Opinion: White House energy policy sends the wrong message

Dear Editor:

There’s an unholy message coming out of the White House.

It’s a message of dominance: dominance over women; over minorities, refugees and immigrants; over Native Americans and public lands; over the Earth.

And now, the White House is calling for a policy of energy dominance. At the center of this strategy is a full-bore give away of our public lands to oil and gas companies.

With the hottest month ever recorded just past us, the U.S. continues to push for unfettered burning of fossil fuels with little regard for the dangers.

Look around- the effects are already with us.

Last weekend, my wife and I drove into the La Sals to escape the heat. As we climbed out of Castle Valley, we saw the dead juniper and pinyon trees: the years-long drought taking its toll.

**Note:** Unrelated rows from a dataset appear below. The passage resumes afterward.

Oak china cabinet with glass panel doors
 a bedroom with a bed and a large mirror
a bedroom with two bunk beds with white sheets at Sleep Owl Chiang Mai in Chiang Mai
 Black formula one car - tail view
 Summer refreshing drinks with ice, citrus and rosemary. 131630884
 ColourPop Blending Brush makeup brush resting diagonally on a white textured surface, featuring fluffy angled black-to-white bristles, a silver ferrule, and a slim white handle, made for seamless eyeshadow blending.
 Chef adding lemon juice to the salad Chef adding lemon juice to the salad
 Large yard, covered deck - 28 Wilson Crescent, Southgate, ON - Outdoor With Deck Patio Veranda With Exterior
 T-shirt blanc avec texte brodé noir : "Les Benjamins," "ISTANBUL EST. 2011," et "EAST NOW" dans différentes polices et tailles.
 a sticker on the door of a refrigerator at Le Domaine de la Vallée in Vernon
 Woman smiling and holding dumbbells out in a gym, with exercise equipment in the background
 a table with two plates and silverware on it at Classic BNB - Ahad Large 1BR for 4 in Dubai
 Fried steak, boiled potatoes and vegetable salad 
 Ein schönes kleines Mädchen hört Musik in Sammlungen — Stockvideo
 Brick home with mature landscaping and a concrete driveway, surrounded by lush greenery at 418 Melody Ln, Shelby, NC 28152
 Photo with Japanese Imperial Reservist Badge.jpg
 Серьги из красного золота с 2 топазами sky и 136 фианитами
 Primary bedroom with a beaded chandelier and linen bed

It doesn’t take a biologist to tell you that something is wrong up here. We see groves of dead conifers alongside swaths of aspens, their quaking leaves a sickly gray color, not the vibrant cooling green we crave.

Yet we’re still leasing our public lands to oil companies, still drilling, still burning. Desecrating sacred lands all over southern Utah, from Grand Staircase to Hovenweep. Since 2018, over 62,000 acres of public lands have been leased for oil and gas near Hovenweep alone.

Tune into the local environmental groups that are paying attention to current leasing giveaways in our part of the world. Contact the Sierra Club, Canyon Country Rising Tide or Southern Utah Wilderness Alliance among others, and let them know you want to help.

It may be too late to head off the climate catastrophe that’s coming our way, but we’ve got to keep trying. Stopping runaway oil and gas leasing might make a difference.